• _Provided data_

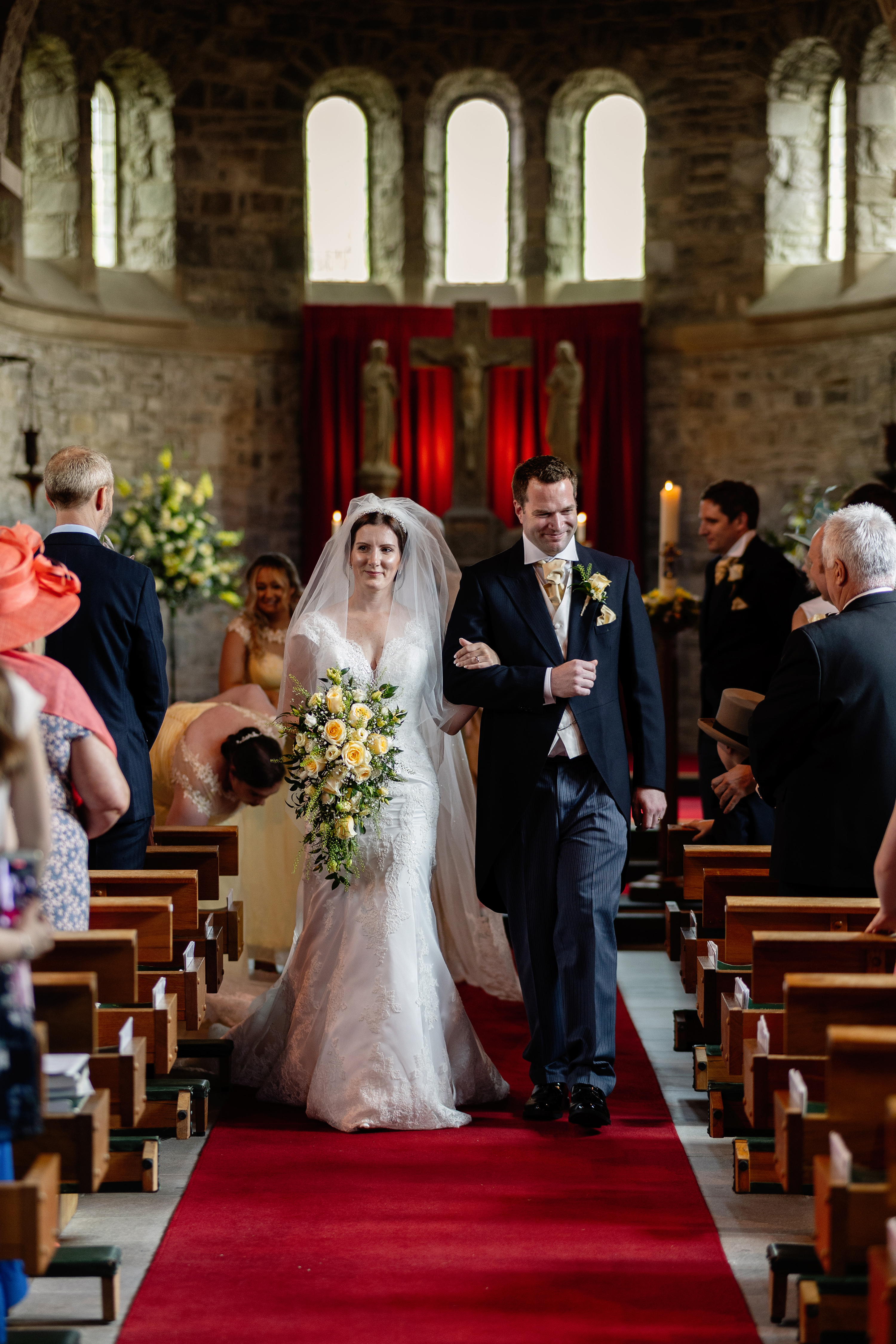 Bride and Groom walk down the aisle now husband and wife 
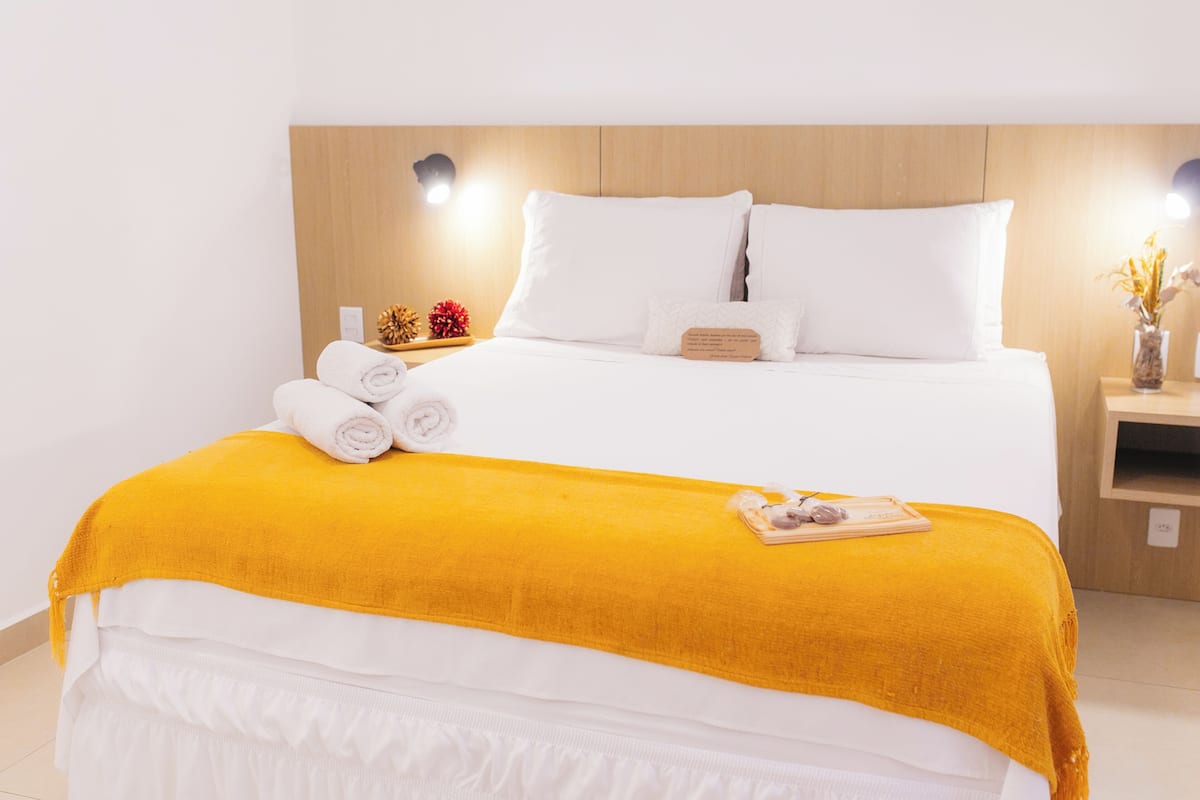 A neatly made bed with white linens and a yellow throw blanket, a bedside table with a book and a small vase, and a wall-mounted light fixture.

...

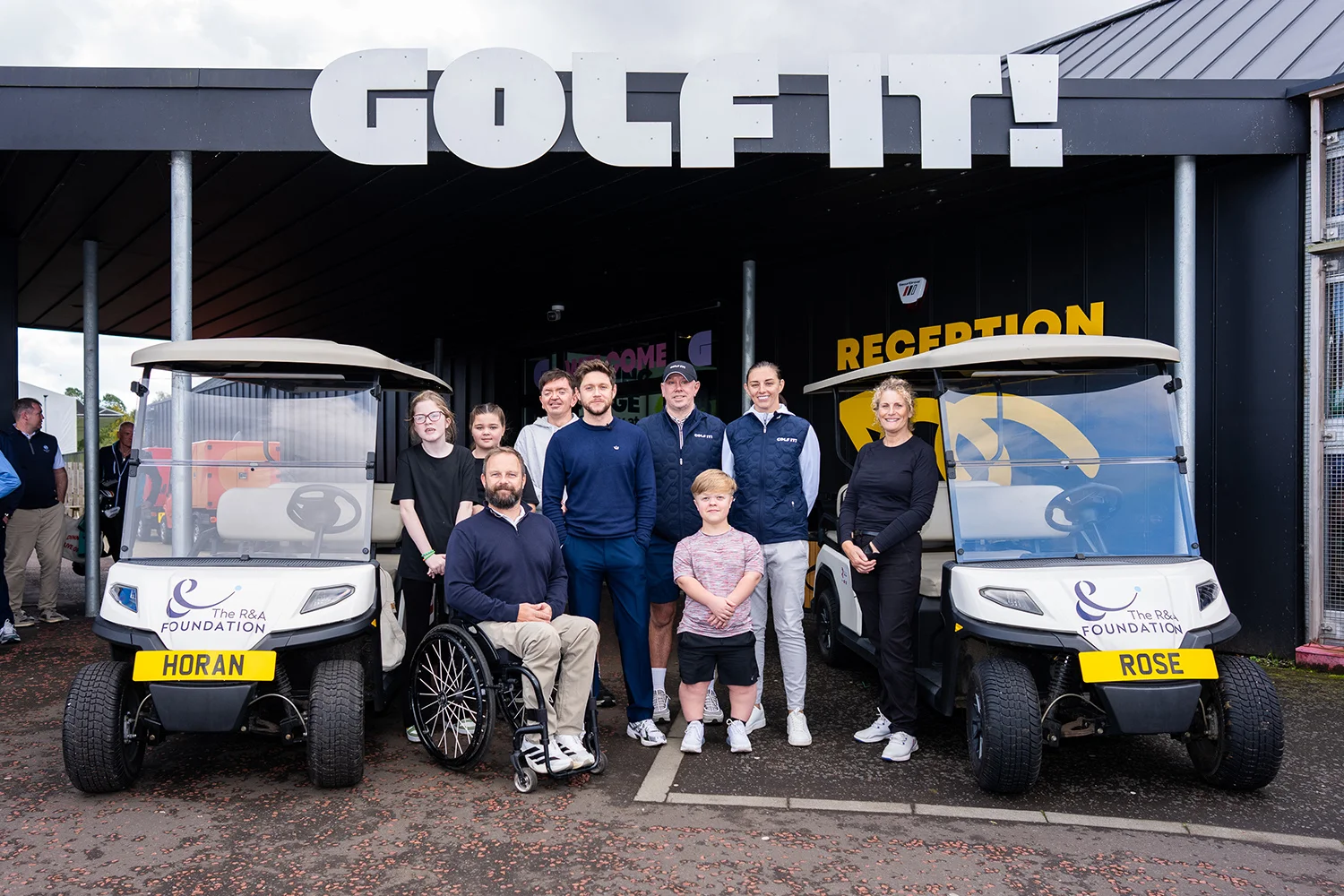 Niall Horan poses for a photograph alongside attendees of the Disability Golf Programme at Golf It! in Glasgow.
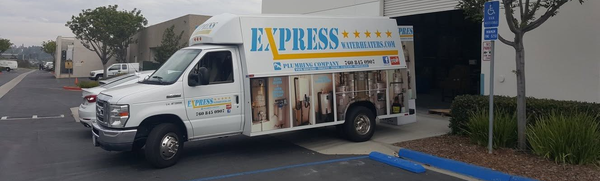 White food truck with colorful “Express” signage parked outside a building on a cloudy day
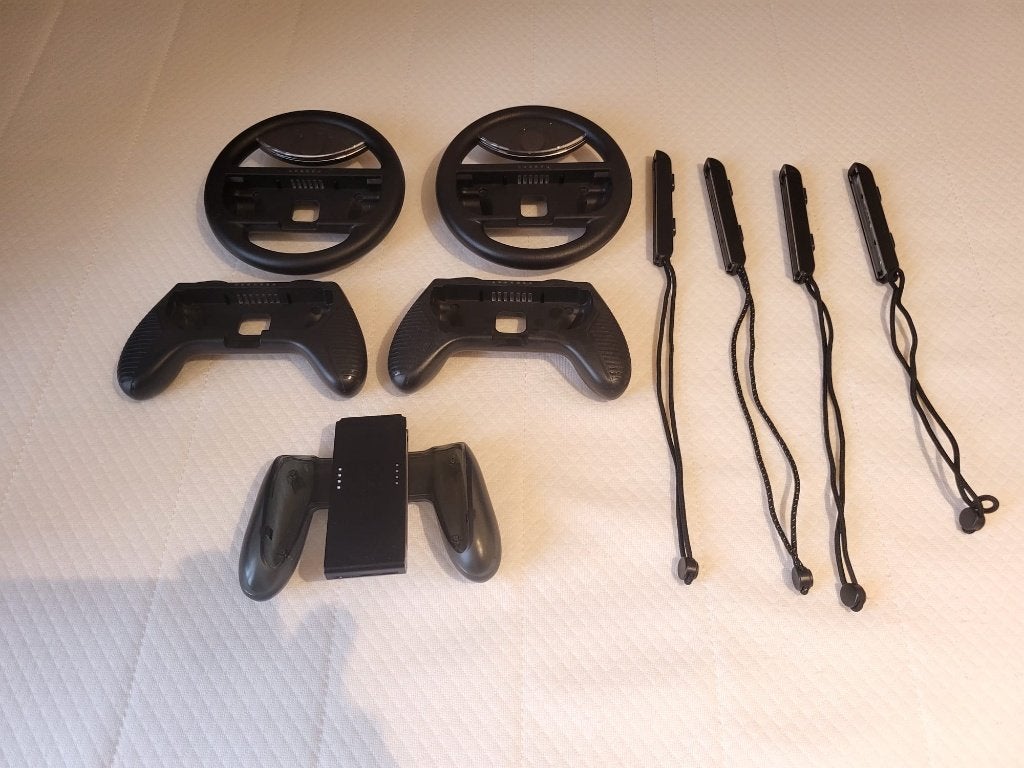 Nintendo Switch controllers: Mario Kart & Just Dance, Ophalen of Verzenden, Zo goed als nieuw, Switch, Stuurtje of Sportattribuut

---

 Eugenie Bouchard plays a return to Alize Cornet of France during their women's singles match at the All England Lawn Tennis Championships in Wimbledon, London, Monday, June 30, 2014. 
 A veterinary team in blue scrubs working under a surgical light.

• _Brief_
In the data above, find the line containing "Niall Horan poses" and the line containing "Nintendo Switch controllers: Mario". Copy exactly the stretch from the first through the second, both included, leaving out any picture.

• _Reply_
 Niall Horan poses for a photograph alongside attendees of the Disability Golf Programme at Golf It! in Glasgow.
 White food truck with colorful “Express” signage parked outside a building on a cloudy day
 Nintendo Switch controllers: Mario Kart & Just Dance, Ophalen of Verzenden, Zo goed als nieuw, Switch, Stuurtje of Sportattribuut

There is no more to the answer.